┌──
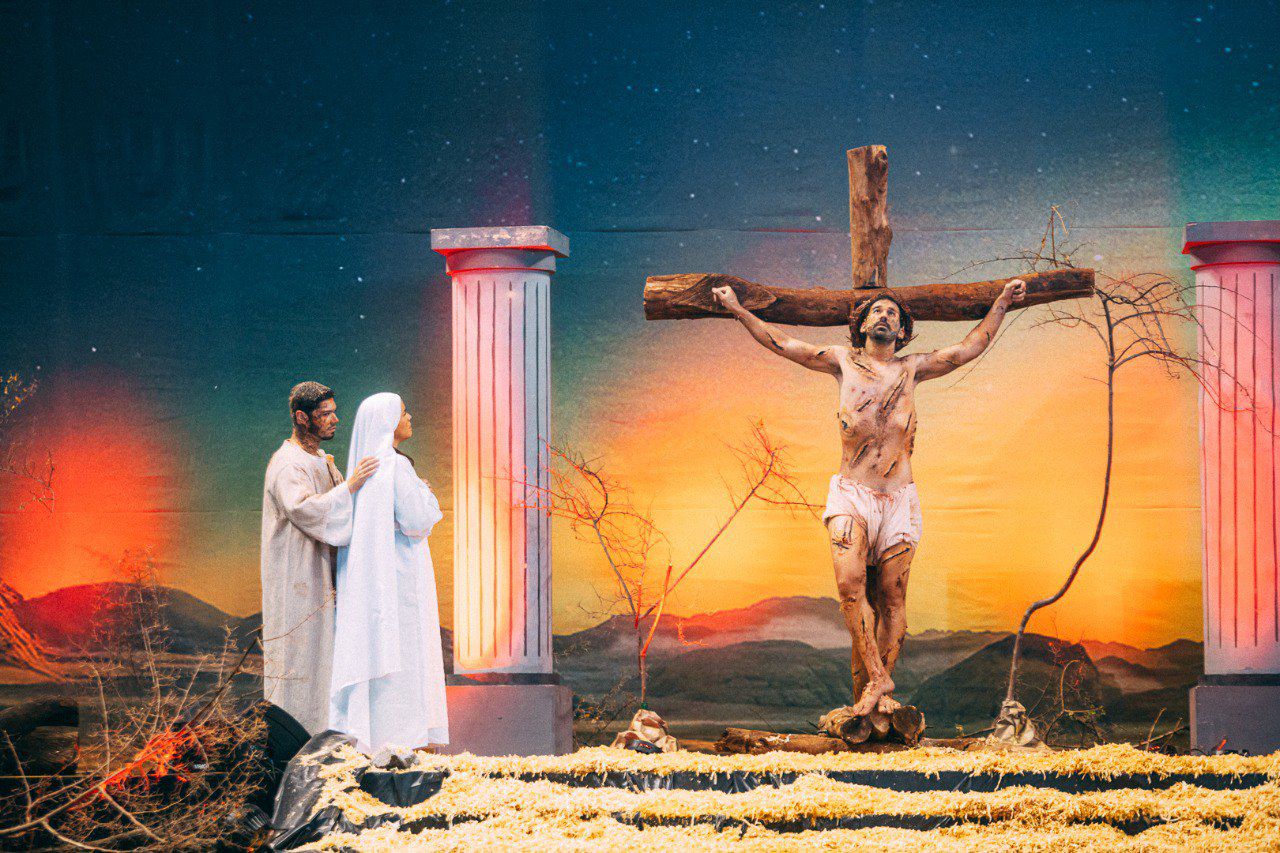 Espetáculo sobre a Paixão de Cristo abre retiro de Semana Santa do Shalom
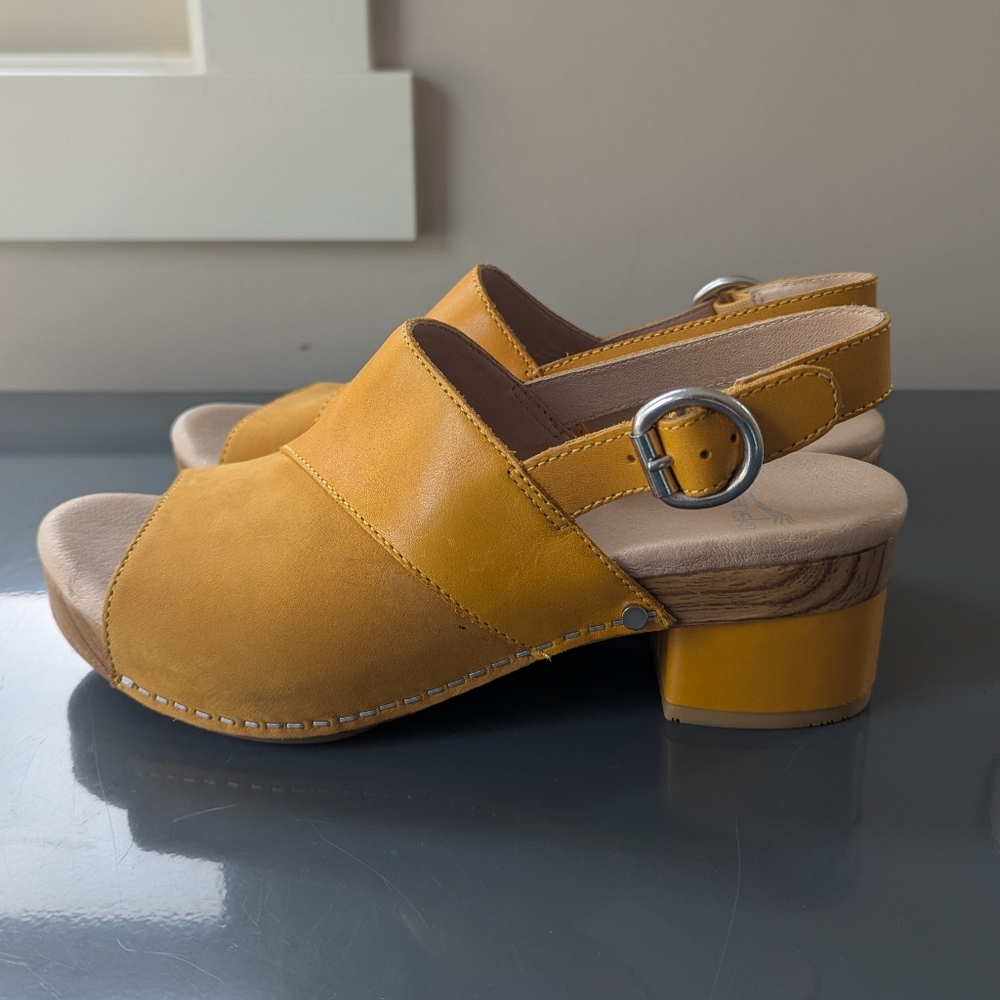 Dansko Madalyn Sandal Mustard Yellow Women's 38‎ - Picture 10 of 16
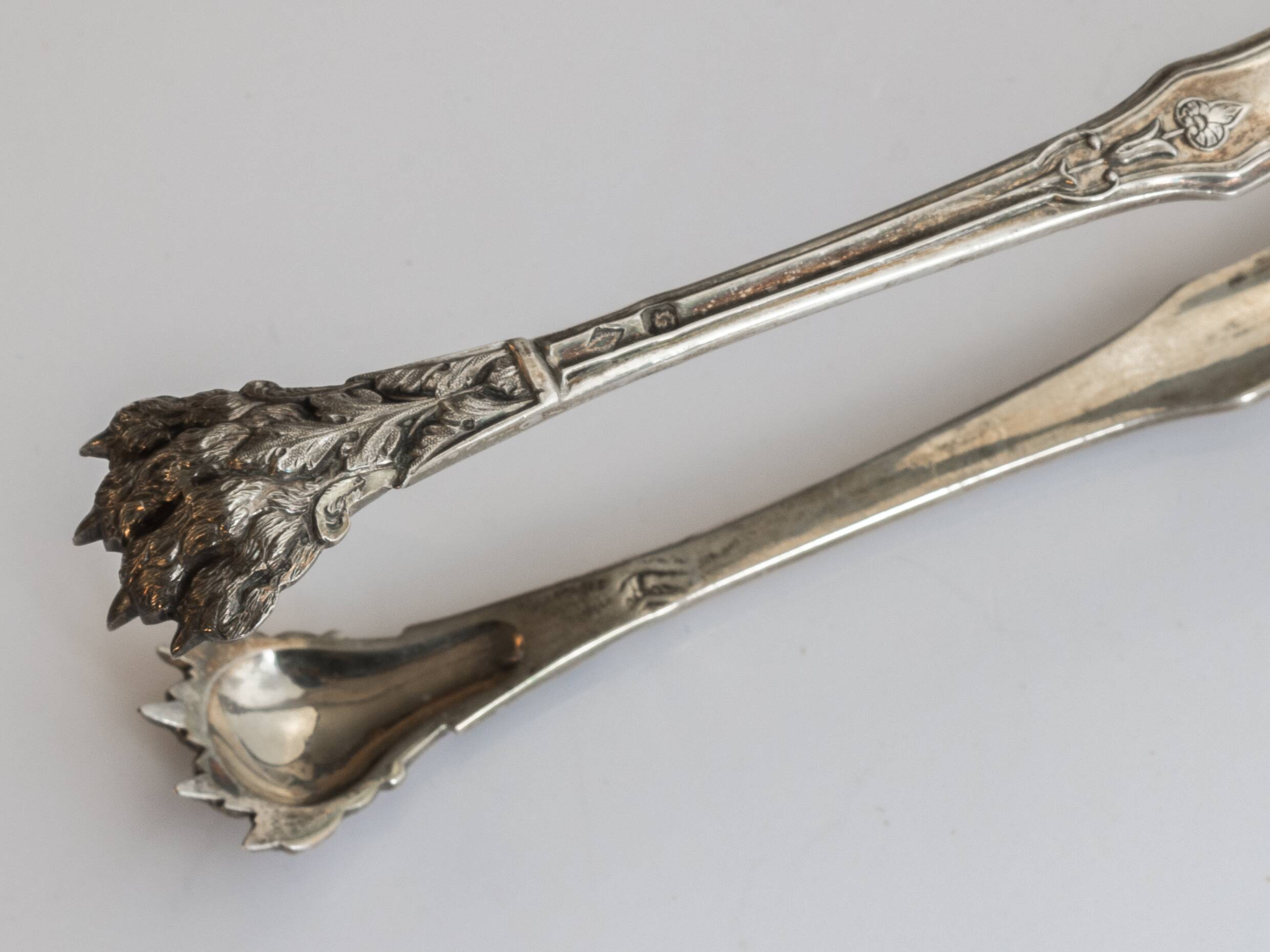 Solid silver sugar tongs, lion claws, Tallois and Mayence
└──
Problem to work on: Repeat the listing in full and exactly. Leave any pictures out.

Task response:
 Espetáculo sobre a Paixão de Cristo abre retiro de Semana Santa do Shalom
 Dansko Madalyn Sandal Mustard Yellow Women's 38‎ - Picture 10 of 16
 Solid silver sugar tongs, lion claws, Tallois and Mayence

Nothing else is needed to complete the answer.